Daratumumab for Treatment of Antibody-Mediated Rejection after ABO-Incompatible Kidney Transplantation

Davide Spica a, Till Junker b, Michael Dickenmann a, Stefan Schaub a,c,d, Jürg Steiger a,c, Tanja Rüfli e, Jörg Halter b, Helmut Hopfer f, Andreas Holbro b,e, Patricia Hirt-Minkowski a,*
PMCID: PMC6902247  PMID: 31828078

Abstract

We report the effectiveness of daratumumab, a human IgGκ monoclonal antibody targeting CD38 on plasma cells, for therapy-refractory antibody-mediated rejection (AMR) due to blood group antibodies in a 59-year-old man who received a living ABO-incompatible kidney transplantation. Standard treatment options for AMR due to blood group antibodies including immunoadsorption, lymphocyte depletion with anti-human T-lymphocyte globulins, intravenous methylprednisolone pulses and eculizumab limited tissue injury, however failed to sufficiently suppress blood group antibody production. After administration of daratumumab as a rescue therapy, blood group antibody titers decreased and remained at low levels without further immunoadsorption and allowed kidney graft function to recover.

Keywords: Antibody-mediated rejection, ABO-incompatible kidney transplantation, Anti-rejection therapy, Daratumumab

Introduction

Kidney transplantation is the therapy of choice for many patients with end-stage renal disease. Pretransplant risk stratification and modern immunosuppression have led to striking advances over the past decades, resulting in better long-term graft survival [1, 2, 3, 4]. Nevertheless, there still exist important unmet clinical needs and problems to be solved for kidney transplant recipients [5, 6, 7]. Antibody-mediated rejection (AMR) has been recognized as one of the most important causes of graft loss [8, 9, 10]. Although less frequent than antibodies directed against human leukocyte antigens (i.e., donor specific HLA-antibodies [DSA]) [11], antibodies against ABO blood group antigens can be the cause of AMR [12]. In a meta-analysis, which included 26 centers, describing 1,346 ABO-incompatible kidney transplant patients, AMR within the first year post-transplant was more common and occurred with a fourfold risk compared to 4,943 center-matched controls, who were ABO-compatible [12]. To date, there are no US Food and Drug Administration (FDA)-approved immunosuppressive drugs for either prevention or treatment of AMR [13]. The only FDA-approved drugs for treatment of acute rejection are polyclonal anti-T lymphocyte globulins [6]. Several additional agents have been employed as off-label for the treatment of AMR with variable effectiveness such as intravenous immunoglobulins, rituximab, bortezomib, and eculizumab as well as removing of circulating anti-HLA antibodies and blood group antibodies by plasmapheresis/plasma exchange or immunoadsorption [13, 14]. Thus, our armamentarium to treat AMR is still incomplete. For this reason, new therapeutic options to reduce the burden of AMR are urgently needed.

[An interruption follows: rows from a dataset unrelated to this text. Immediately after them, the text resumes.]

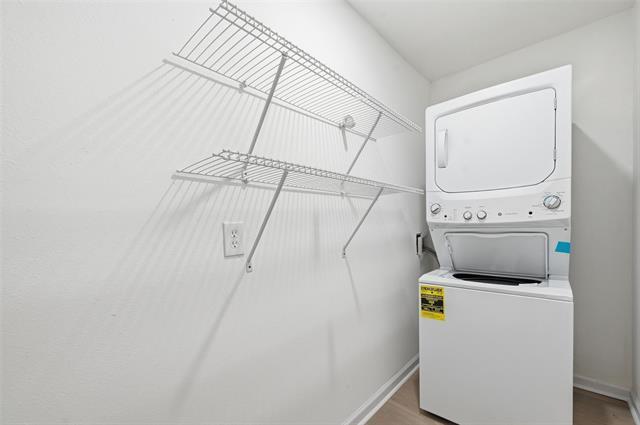 Building Photo - 4905 Miami Dr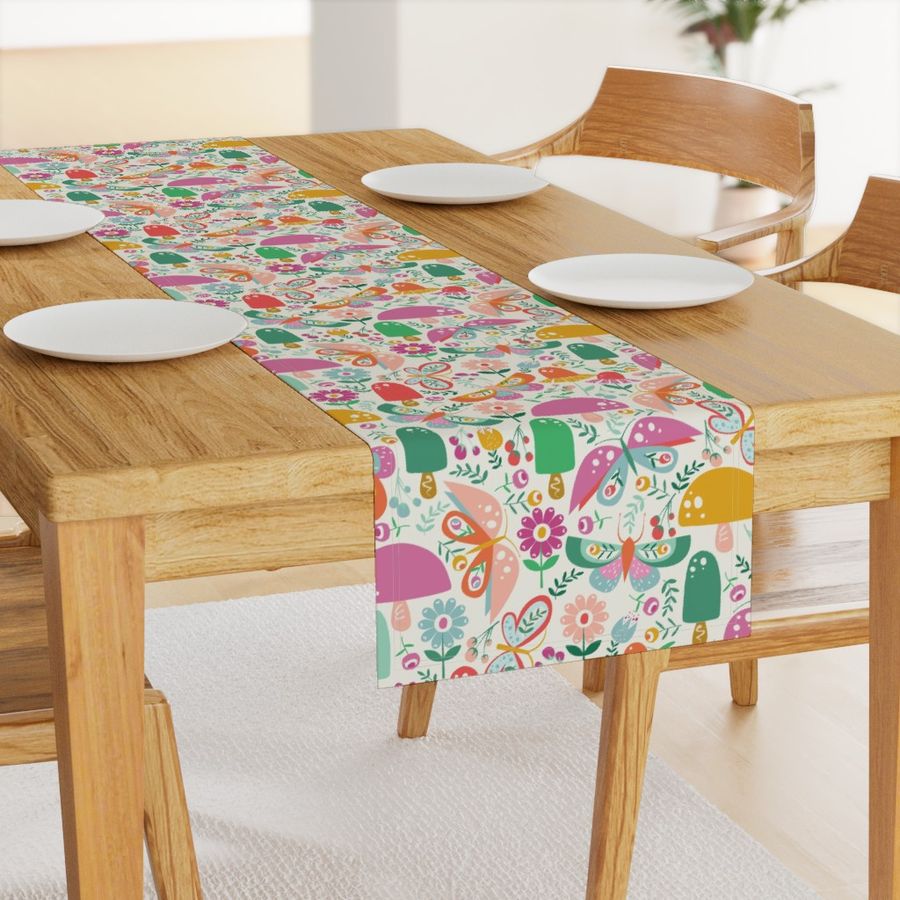 HOME_GOOD_TABLE_RUNNER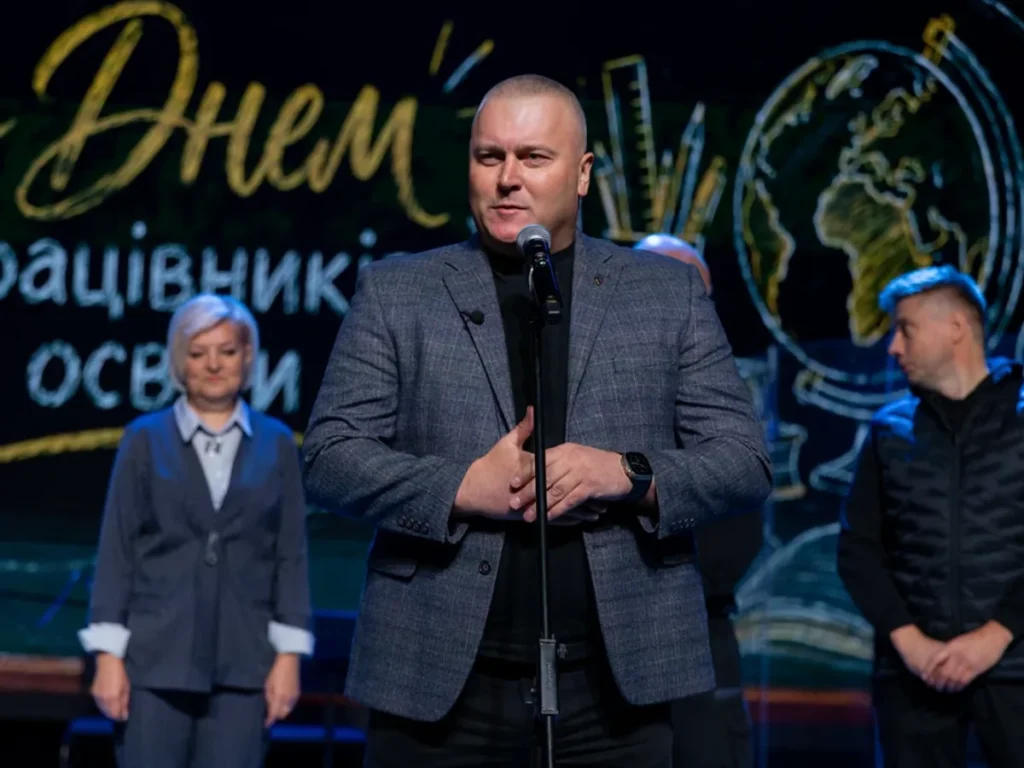 Віталій Дяківнич привітав освітян Полтавщини та вручив грамоти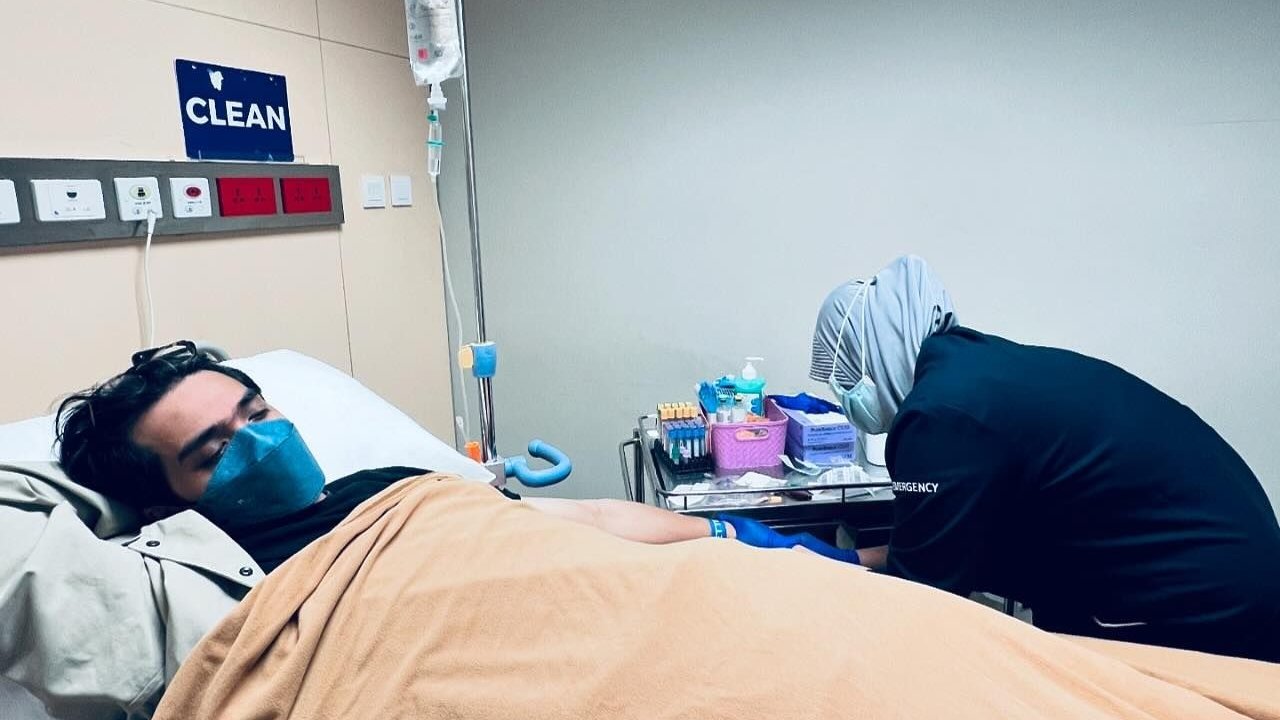 Ricky Harun saat Dirawat di Rumah Sakit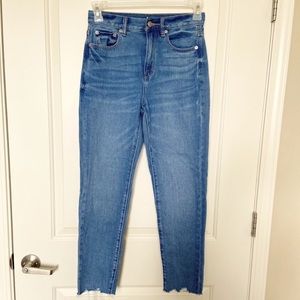 AEO • Mom Jean With Released Hem Sz 2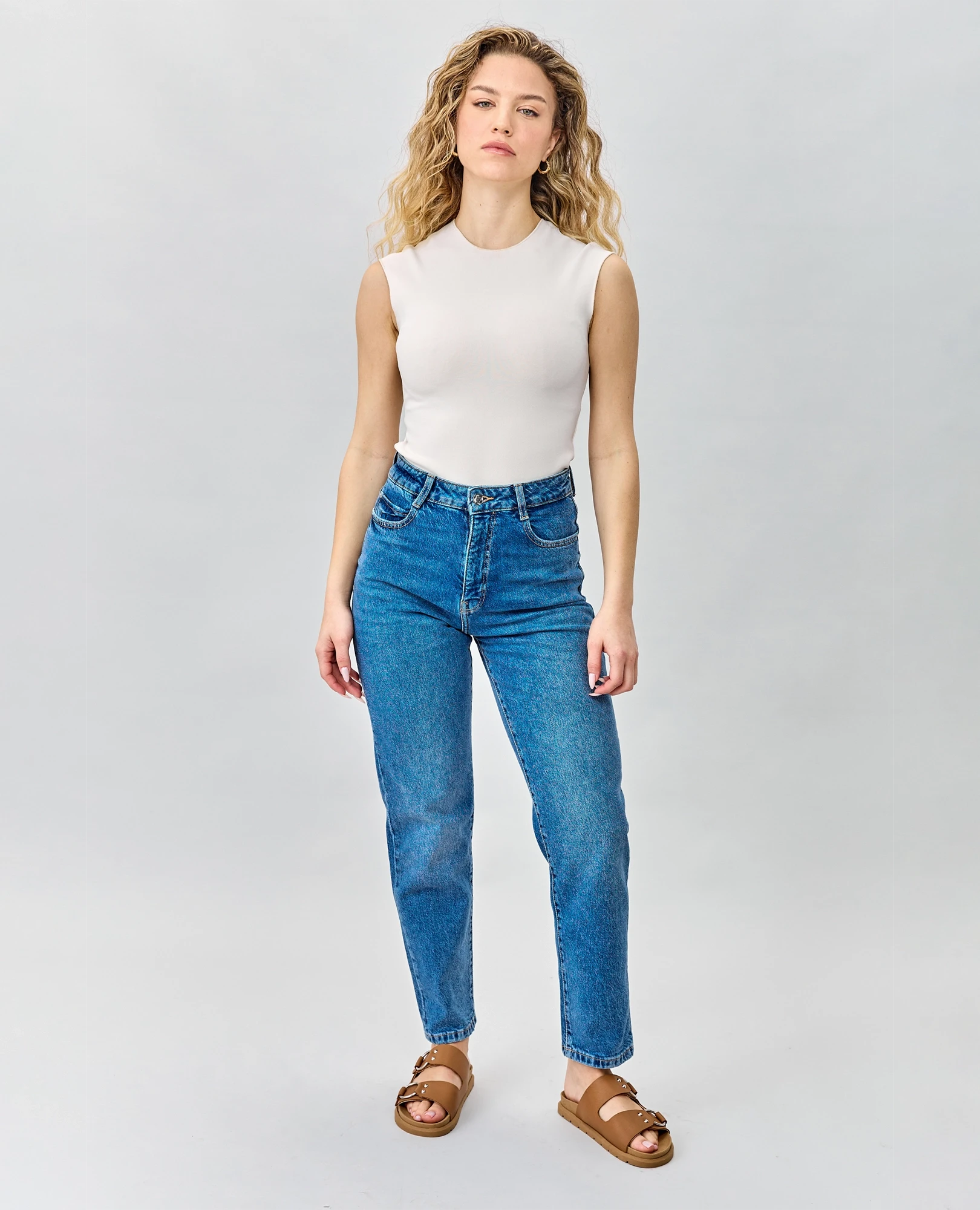 כפכפי רצועות - אמנדה - B Unique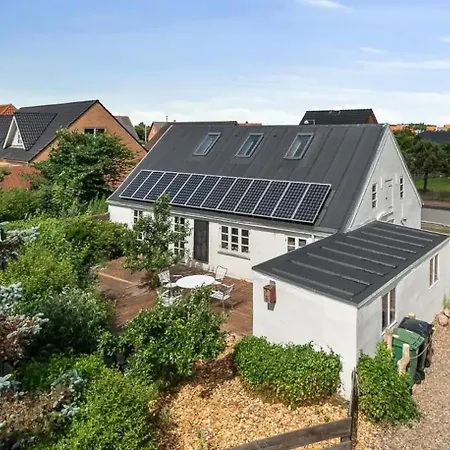 Holiday home Charming Cobbler's House Near The North Sea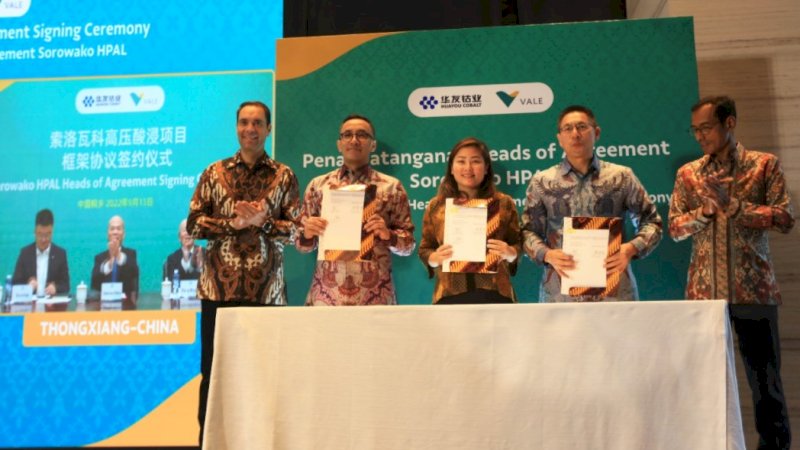 Penandatanganan The Heads of Agreement oleh pihak PT Vale Indonesia Tbk. dan Zhejiang Huayou Cobalt Company yang akan menjadi acuan untuk kesepakatan lebih lanjut, Selasa (13/9/2022).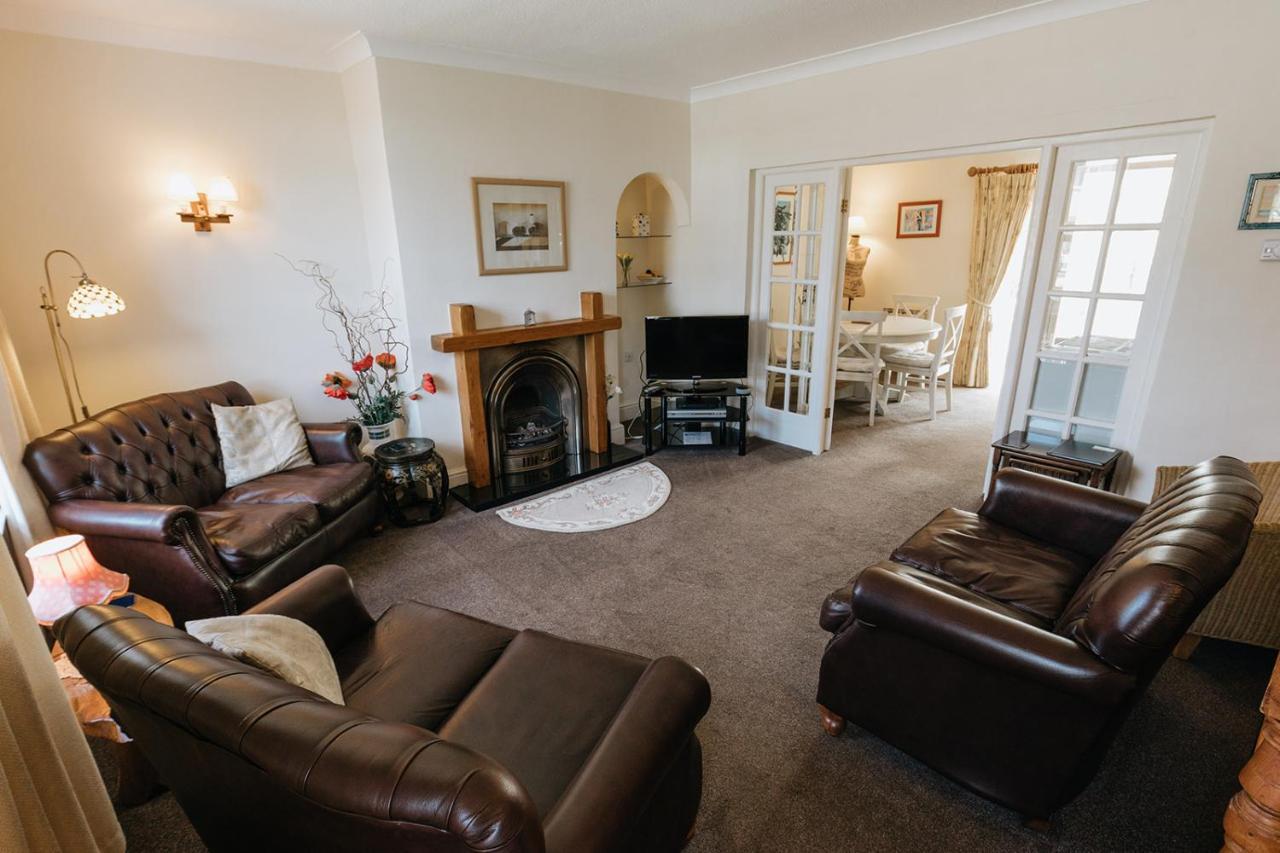 Willow Cottage - Cost 3 Bed Cottage In Penrhyn Bay With Sea Views With Access To Snowdonia Rhôs-on-Sea Eksteriør bilde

Daratumumab is a human monoclonal IgGκ antibody targeting the glycoprotein CD38 which is expressed on plasma cells and induces cell death and apoptosis through different immune effector mechanisms such as complement-mediated cytotoxicity, antibody-mediated cytotoxicity, antibody-dependent phagocytosis and direct induction of apoptosis [15]. Based on data of the MMY2002 (SIRIUS) [16] and the GEN501 [17] studies, daratumumab has emerged as a new option in therapy-refractory multiple myeloma and was approved for treatment of multiple myeloma in 2015 [18]. As CD38 is also expressed on nonmalignant plasma cells, it seems obvious to test daratumumab as a rescue therapy in other diseases with pathogenetically involved, antibody-producing plasma cells after failure of established therapies. Thus, daratumumab has been used in other settings where antibody production by plasma cells is the pathophysiologic key feature. The effective treatment of refractory post-transplant autoimmune hemolytic anemia after allogenic hematopoietic stem cell transplantation (HSCT) was reported by Schuetz et al. [19] in a small case series of 3 patients (1 adult, 2 pediatric cases). Furthermore, daratumumab was used successfully for treatment of delayed red-cell engraftment (i.e., pure red cell aplasia) due to ABO incompatibility after allogenic HSCT [20]. These conditions share the central role of deleterious blood group antibodies produced by nonmalignant plasma cells that target and destroy allogenic tissue. In all reported cases, depletion of the plasma cells by daratumumab resulted in resolution of red blood cell destruction [19, 20].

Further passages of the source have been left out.